Tornando al summit virtuale di Roma, e ai suoi effetti, la sua inanità era inscritta nella chiamata a un G-20 che G-20 non era, dal momento che mancavano Putin e Xi Jinping, con la Cina che, per mera cortesia, ha fatto parlare il suo ministro degli Esteri. Un G-20 che non comprenda Pechino e Mosca non è che un G-7 allargato…

Evidentemente sia Russia che Cina hanno reputato che non ci fosse alcuna base sulla quale discutere con l’Occidente, tanto che Putin si sta muovendo da solo, invitando i talebani e i cinesi a un summit a Mosca (al Jazeera).

La dissipazione dei soldi afghani

Al di là dell’inutilità del summit, resta che un po’ tutti, dalla Ue agli Usa alla Cina, sembra si siano convinti ad aiutare il popolo afghano, almeno a parole, evitando così che lo Stato collassi, rischio ben descritto in un dettagliato articolo di Jan Egeland sul New York Times, per evitare una pericolosa destabilizzazione.
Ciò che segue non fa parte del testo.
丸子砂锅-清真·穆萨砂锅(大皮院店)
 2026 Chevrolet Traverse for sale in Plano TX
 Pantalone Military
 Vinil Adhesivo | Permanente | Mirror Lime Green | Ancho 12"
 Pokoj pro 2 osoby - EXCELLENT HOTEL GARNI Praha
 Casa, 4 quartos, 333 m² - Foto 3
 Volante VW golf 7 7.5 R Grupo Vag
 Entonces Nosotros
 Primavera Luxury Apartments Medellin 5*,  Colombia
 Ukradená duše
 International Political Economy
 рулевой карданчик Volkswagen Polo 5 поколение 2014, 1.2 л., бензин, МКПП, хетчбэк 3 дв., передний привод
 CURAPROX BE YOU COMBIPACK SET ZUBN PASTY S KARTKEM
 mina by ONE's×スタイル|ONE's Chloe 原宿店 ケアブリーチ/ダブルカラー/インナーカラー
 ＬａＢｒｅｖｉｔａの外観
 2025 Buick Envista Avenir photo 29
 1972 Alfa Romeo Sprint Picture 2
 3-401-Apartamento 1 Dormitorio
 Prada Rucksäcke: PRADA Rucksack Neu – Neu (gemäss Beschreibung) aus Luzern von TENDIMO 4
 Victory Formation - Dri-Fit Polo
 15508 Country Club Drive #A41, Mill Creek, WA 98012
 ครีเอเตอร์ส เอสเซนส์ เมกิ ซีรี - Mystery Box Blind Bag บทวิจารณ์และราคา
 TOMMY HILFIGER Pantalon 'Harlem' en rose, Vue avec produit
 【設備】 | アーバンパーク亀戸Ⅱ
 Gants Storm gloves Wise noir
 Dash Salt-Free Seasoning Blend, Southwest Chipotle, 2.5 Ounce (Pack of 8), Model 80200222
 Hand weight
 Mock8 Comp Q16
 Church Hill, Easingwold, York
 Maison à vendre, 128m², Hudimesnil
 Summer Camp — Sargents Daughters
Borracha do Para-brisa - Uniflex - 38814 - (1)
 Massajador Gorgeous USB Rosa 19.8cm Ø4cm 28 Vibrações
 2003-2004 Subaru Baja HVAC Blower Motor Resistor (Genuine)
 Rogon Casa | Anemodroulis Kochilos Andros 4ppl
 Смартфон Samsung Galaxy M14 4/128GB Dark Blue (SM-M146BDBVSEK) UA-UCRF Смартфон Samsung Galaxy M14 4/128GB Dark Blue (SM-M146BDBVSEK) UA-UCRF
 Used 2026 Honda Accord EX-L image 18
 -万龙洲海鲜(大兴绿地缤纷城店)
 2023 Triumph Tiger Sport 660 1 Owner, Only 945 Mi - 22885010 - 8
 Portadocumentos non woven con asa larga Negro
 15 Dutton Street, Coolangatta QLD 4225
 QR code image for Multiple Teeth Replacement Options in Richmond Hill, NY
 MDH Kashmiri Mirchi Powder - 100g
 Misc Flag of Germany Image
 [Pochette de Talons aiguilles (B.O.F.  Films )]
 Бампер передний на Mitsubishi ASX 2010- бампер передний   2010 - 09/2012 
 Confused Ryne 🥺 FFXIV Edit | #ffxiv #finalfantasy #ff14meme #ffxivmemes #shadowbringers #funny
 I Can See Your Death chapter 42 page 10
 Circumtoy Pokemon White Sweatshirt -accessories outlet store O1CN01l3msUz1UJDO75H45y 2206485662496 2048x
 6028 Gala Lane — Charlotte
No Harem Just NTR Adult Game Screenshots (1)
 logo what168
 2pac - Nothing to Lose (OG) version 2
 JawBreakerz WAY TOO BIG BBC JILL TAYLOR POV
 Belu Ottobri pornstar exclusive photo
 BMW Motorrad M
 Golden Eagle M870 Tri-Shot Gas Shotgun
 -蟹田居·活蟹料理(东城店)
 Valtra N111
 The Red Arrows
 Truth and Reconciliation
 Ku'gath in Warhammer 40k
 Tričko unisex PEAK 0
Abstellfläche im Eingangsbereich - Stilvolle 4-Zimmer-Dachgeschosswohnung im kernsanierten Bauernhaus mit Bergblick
Da annotare che a far collassare il sistema economico afghano non è stata la gestione talebana, ma il governo fantoccio filo-americano pregresso, come denuncia un report preparato da diversi osservatori internazionali, che spiega come la banca centrale abbia improvvidamente “esaurito” le sue riserve con iniziative folli (Reuters).

I soldi, in genere, non si bruciano, passano di mano. Ed è facile intuire dove sono stati dirottati i soldi gestiti dal governo fantoccio filo-Usa.

Da qui l’ipocrisia dell’Occidente nel suo primo approccio ai nuovi arrivati, e forse anche nel successivo, quando ha negato fondi all’Afghanistan e ha emanato sanzioni costrittive contro il Paese.

Vedremo come evolverà la crisi, che è solo ai suoi inizi. Da notare, però, che i talebani sembra abbiano iniziato a dar corso a una delle condizioni richieste dall’Occidente, dato che in alcune regioni hanno permesso alle donne di tornare a scuola, come annota The Hill. Timida apertura, da seguire.